"Il y a un triple déni face à la souffrance des entrepreneurs, celui de leurs organisations professionnelles, celui du monde de la santé qui la méconnait et celui des entrepreneurs eux-mêmes". C'est ce constat qui a amené Marc Binnié à fonder le dispositif APESA qu'il préside. Par esprit de solidarité, mais aussi par souci d'efficacité : " Pour avoir une économie en forme, il faut des entrepreneurs en forme !", insiste ce greffier associé du tribunal de commerce de Saintes. Un tribunal un devant lequel arrivent les chefs d'entreprises en difficultés, ce qui en fait un bon observatoire de ce que peut être la détresse patronale, financière ou morale.

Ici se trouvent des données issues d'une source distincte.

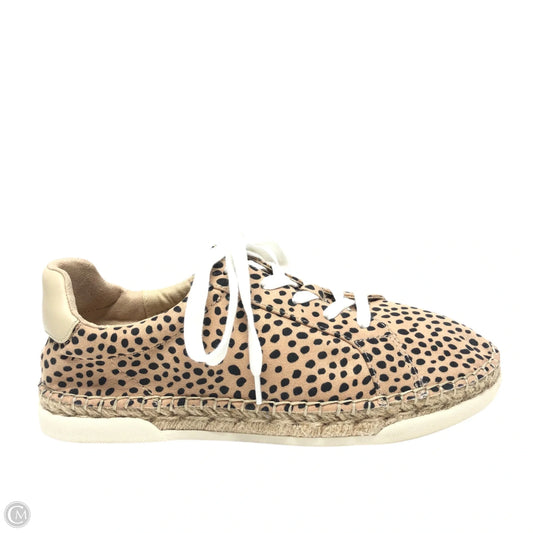 Shoes Flats By Universal Thread In Animal Print, Size: 9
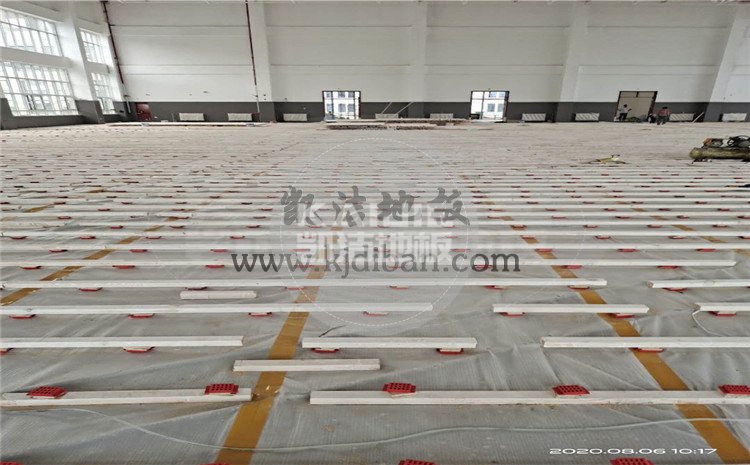 徐州黃集機(jī)場體育館木地板項目-凱潔體育木地板廠家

Avec l'aide de plus d'un millier de psychologues en France, APESA qui bénéficie du soutien financier du groupe VYV a mis en place ce réseau pour soutenir tous ceux qui, malgré leur esprit d'entreprise, finissent par "craquer" face aux difficultés. Et la crise sanitaire avec les huit semaines de confinement et la mise à l'arrêt imposée à de nombreuses activités a lourdement frappé ces petits patrons dans le commerce, la restauration, l'événementiel, le monde des loisirs ou de la culture, dans tous ces secteurs qui, sans la moindre anticipation possible, ont vu leur "business" s'effondrer du jour au lendemain.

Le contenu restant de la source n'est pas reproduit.